Dikatakan, pihaknya saat ini masih bekerja mengumpulkan alat bukti agar perkaranya benar-benar jelas, dengan menyisir satu per satu saksi. "Yang jelas saat ini kasus itu, masih penyidikan umum," katanya.
Sebelumnya, Kejagung mengakui pihaknya tengah menyidik dugaan korupsi penerimaan kelebihan bayar atas pembayaran pajak PT Mobile 8 Telecom (PT Smartfren) tahun 2007-2009.
Ketua Tim Penyidik kasus tersebut, Ali Nurudin, menyebutkan bahwa pada tahun 2007-2009, PT Mobile 8 Telecom telah melakukan perdagangan dengan salah satu distributornya yaitu PT Djaja Nusantara Komunikasi dalam bentuk produk telekomunikasi dalam jumlah Rp 80 miliar.

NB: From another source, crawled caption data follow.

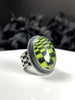 Green Glowing Quartz Illusion Ring - Size 7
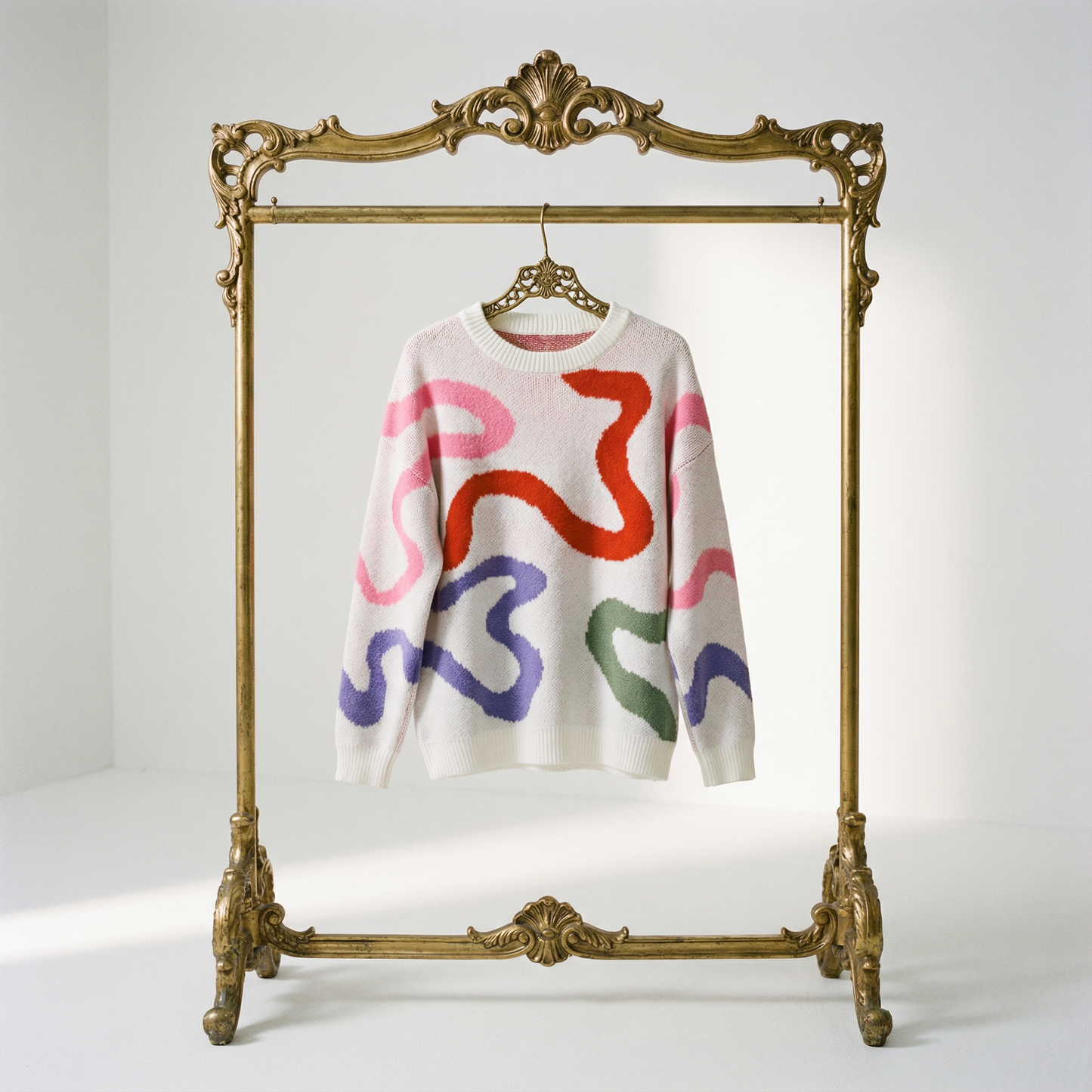 Wild '80s Multi Color Swirl Sweater | Women’s Novelty Knitwear with Bold Intarsia Design [SM–XL]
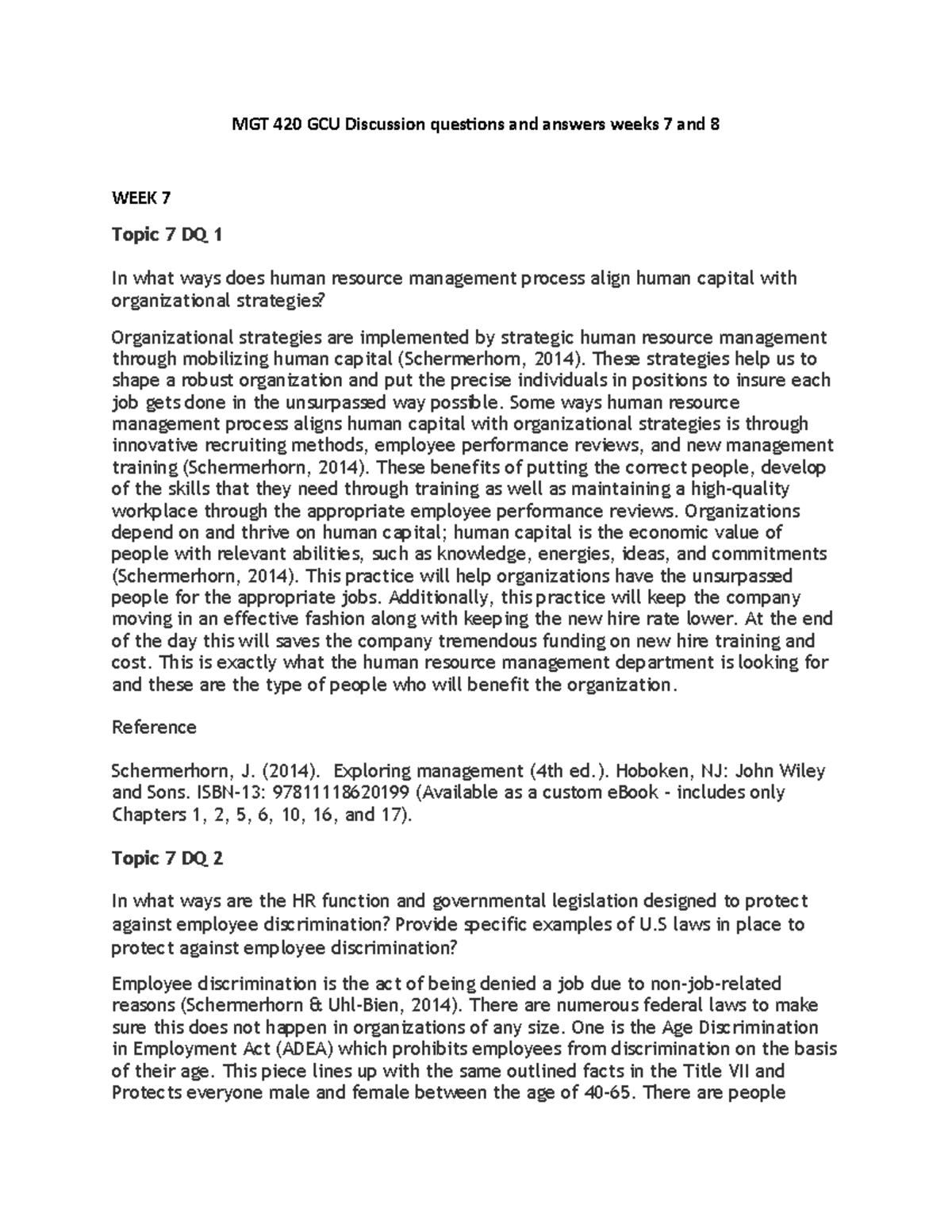 Mgt 4 Gcu Discussion Questions And Answers Weeks 7 And 8 These Strategies Help Us To Shape A Studocu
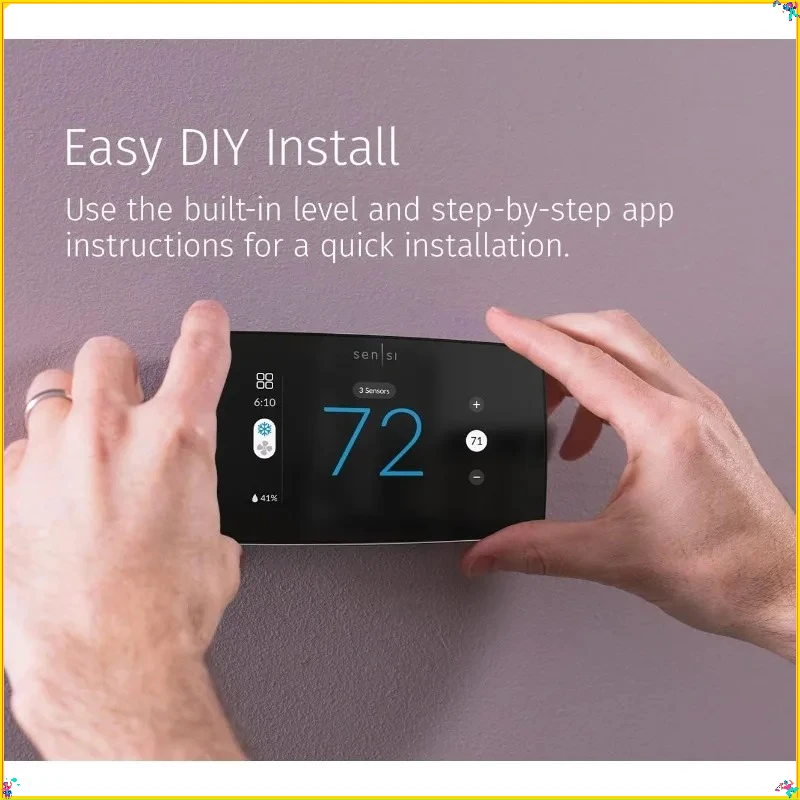 Smart Thermostat, 100 Yrs Expertise, Wi-Fi Programmable Touchscreen, Energy Saving & Easy DIY Installation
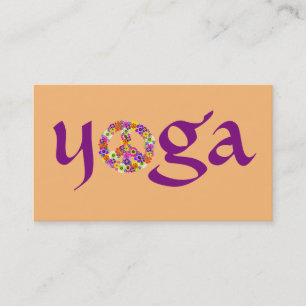 Carte De Visite Panneau de paix Yoga pour instructeur de Yoga Purp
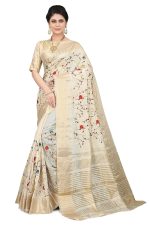 SERONA FABRICS Women's Assam Cotton Silk With Golden Border Thread Embroidered Banarasi Saree With Blouse Piece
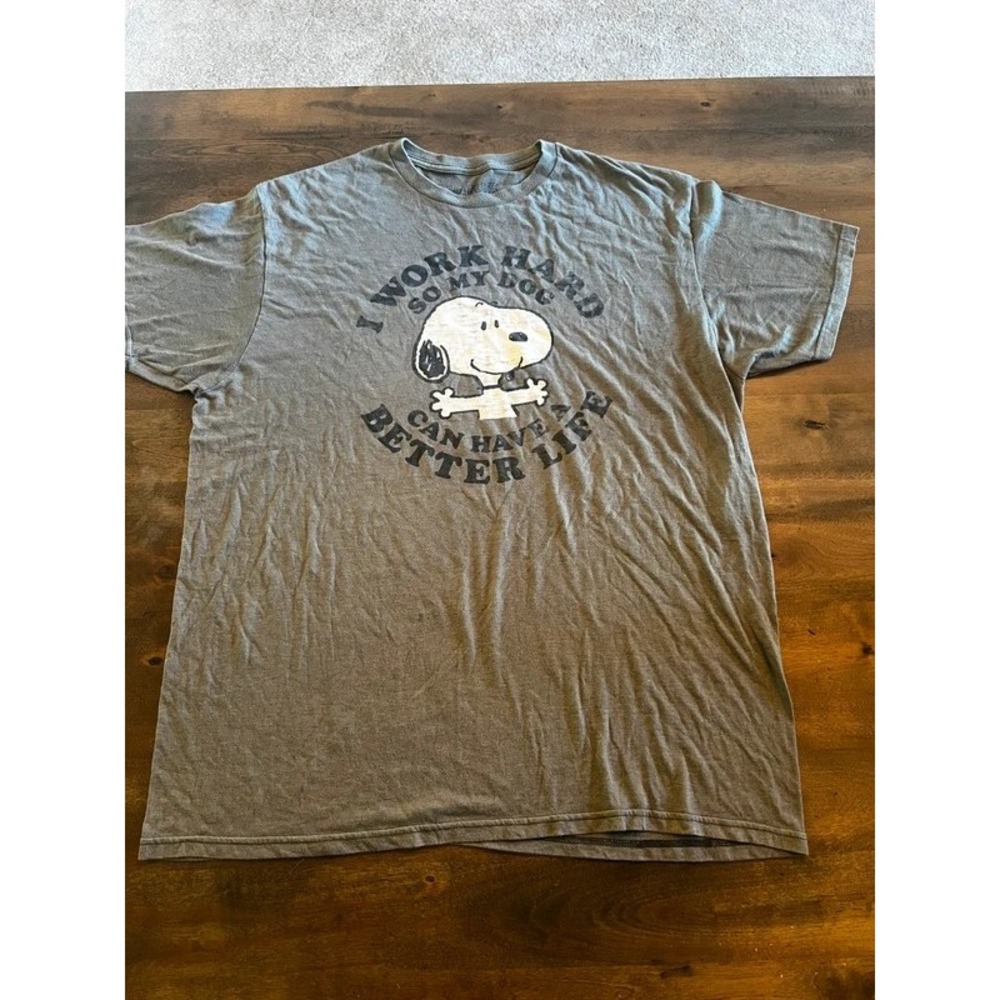 Peanuts Snoopy I Work Hard So My Dog Can Have A Better Life Gray T-Shirt XL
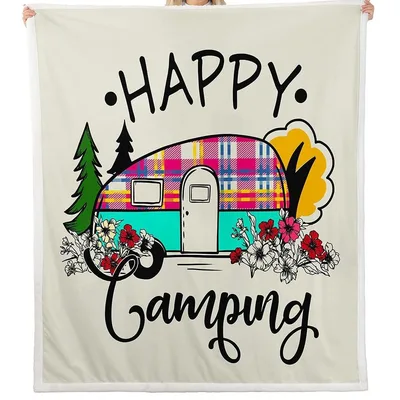 Happy Camping Trailer Blanket No. 2: Vintage Plaid Traveler Design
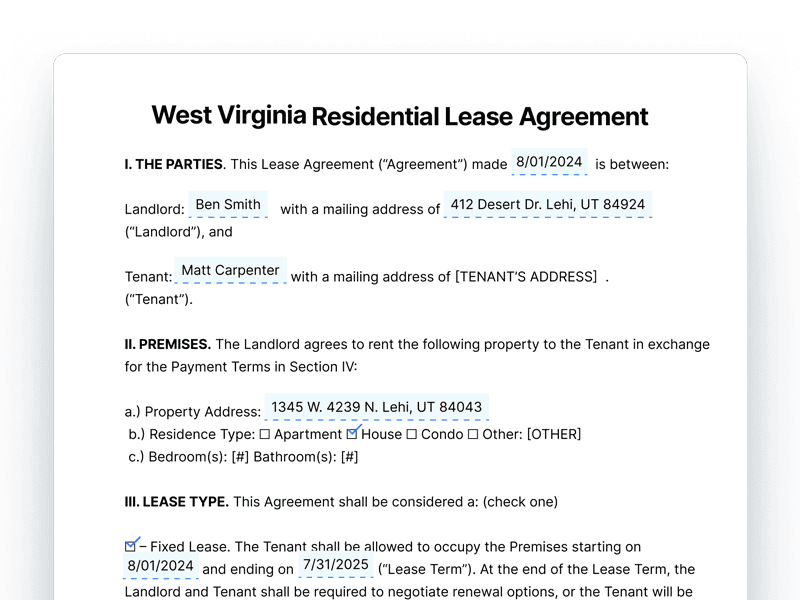 West Virginia Residential Lease Agreement Template West Virginia Residential Lease Agreement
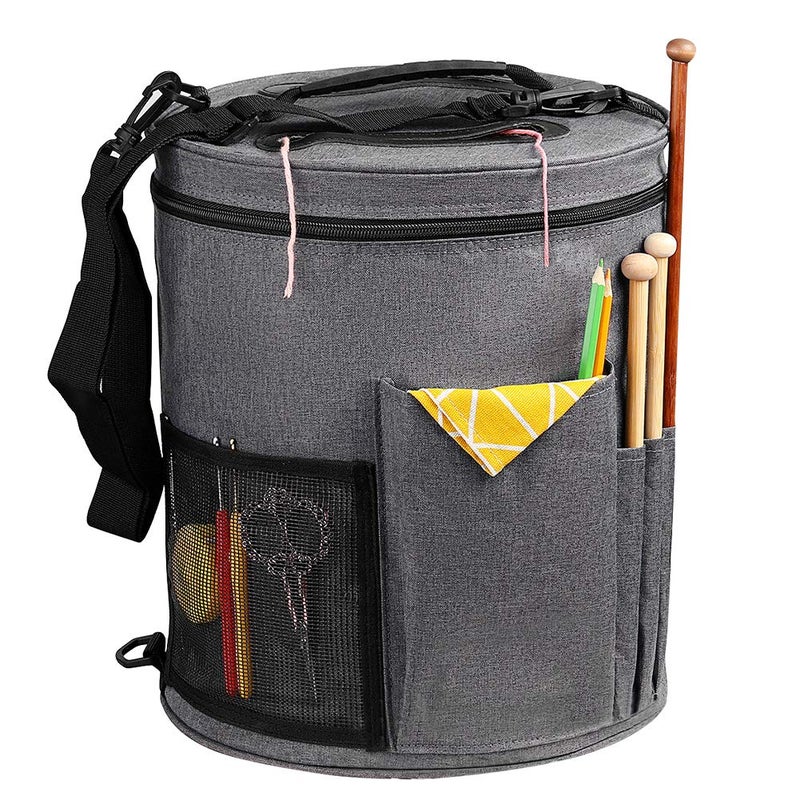 SumDirect Knitting Bag, Yarn Organizer Tote Bag Portable Storage Bag for Yarns, Carrying Projects, Knitting Needles, Crochet Hooks, Manuals and Other Accessories (Gray) - Image 1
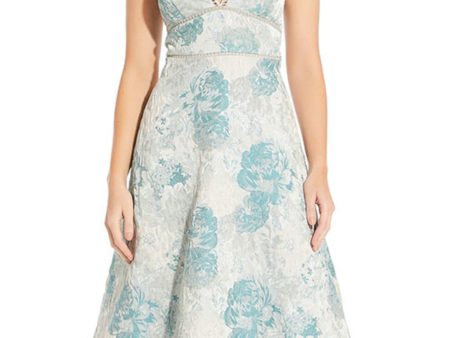 AIDAN MATTOX Womens Zippered Floral Sleeveless V Neck Midi Cocktail Fit + Flare Dress For Sale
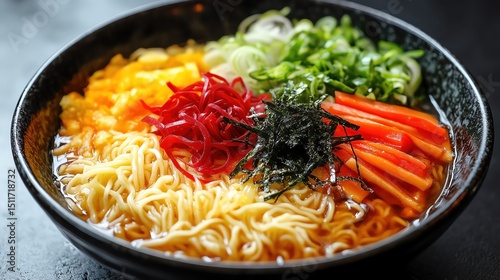 Hiyashi chuka cold ramen topped with veggies photo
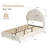Bensu Luxury Curve-Shaped Headboard Bed Frame, Elegant Boucle Upholstered Platform Bed with Modern Design-770810540-756670534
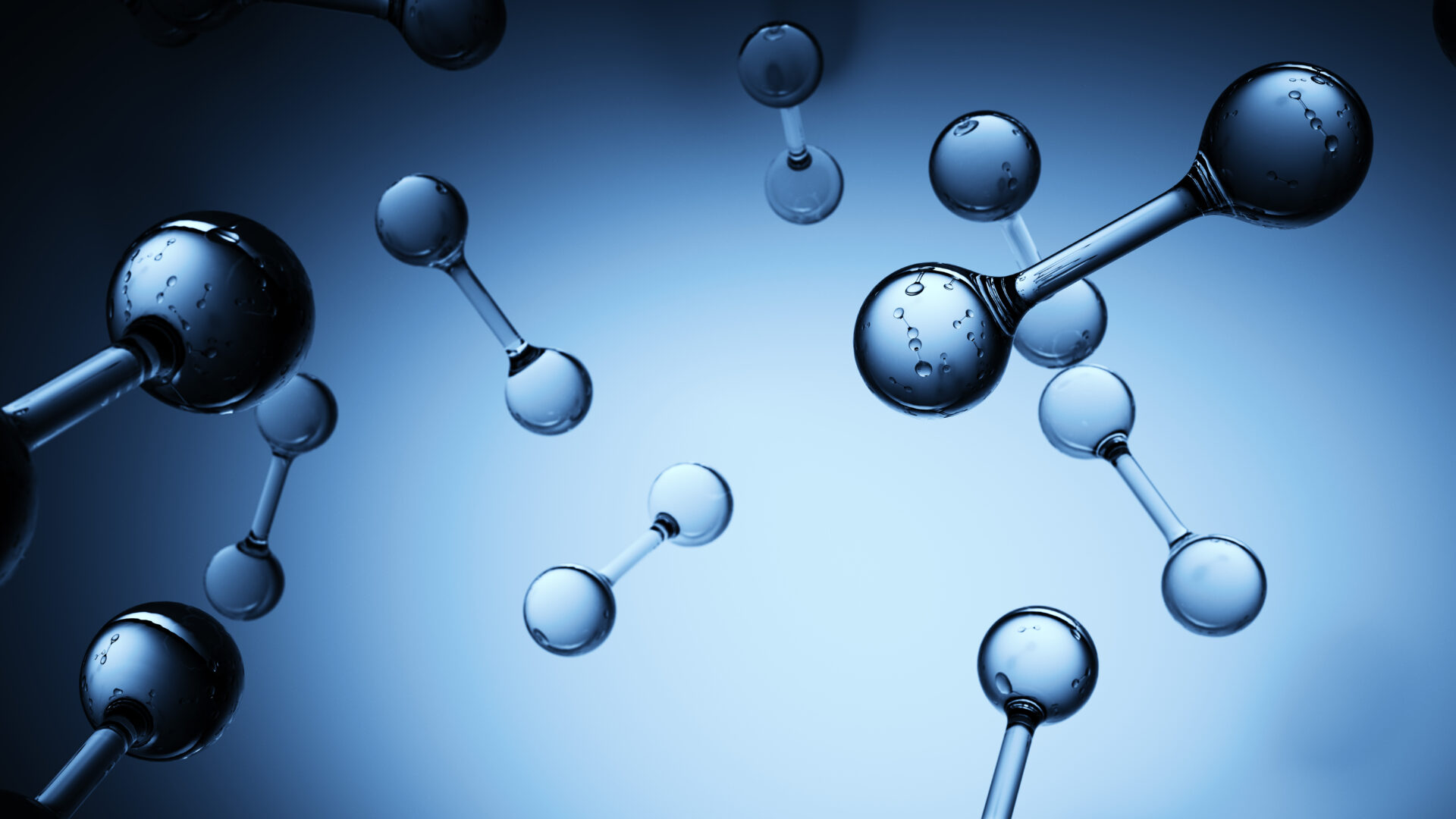 Blue science H molecules background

"Sebenarnya PT Djaya Nusantara Komunikasi tidak mampu untuk membeli barang tersebut dalam jumlah tersebut dan sesuai keterangan saudara Eliana Djaya sebagai Direktur PT Djaya Nusantara Komunikasi (DNK) bahwa transaksi perdagangan tersebut hanyalah seolah-olah ada dan untuk kelengkapan administrasi pihak mobile 8 telecom akan mentransfer uang sebanyak Rp 80 miliar ke rekening PT DNK," katanya.
Pada Desember 2007 PT Mobile 8 Telecom telah mentransfer sebanyak dua kali masing-masing sebesar Rp 50 miliar dan Rp30 miliar. "Untuk mengemas seolah-olah terjadi transaksi perdagangan pihak PT Mobile 8, invoice dan faktur yang sebelumnya dibuatkan purchase order yang seolah-olah terdapat pemesanan barang dari PT DNK, yang faktanya PT DNK tidak pernah menerima barang dari PT Mobile 8 Telecom," katanya.
Pada pertengahan tahun 2008, PT DNK kembali menerima faktur pajak dari PT Mobile 8 Telecom dengan total nilai Rp 114.986.400.000, padahal PT DNK tidak pernah melakukan transaksi sebesar itu, tidak pernah menerima barang dan bahkan tidak pernah melakukan pembayaran.
Kerugian sementara atas kasus ini mencapai Rp 10 miliar. "Jadi, negara dirugikan sekitar Rp 10 miliar lah. Tidak menutup kemungkinan kerugian bertambah karena ini baru temuan awal," katanya.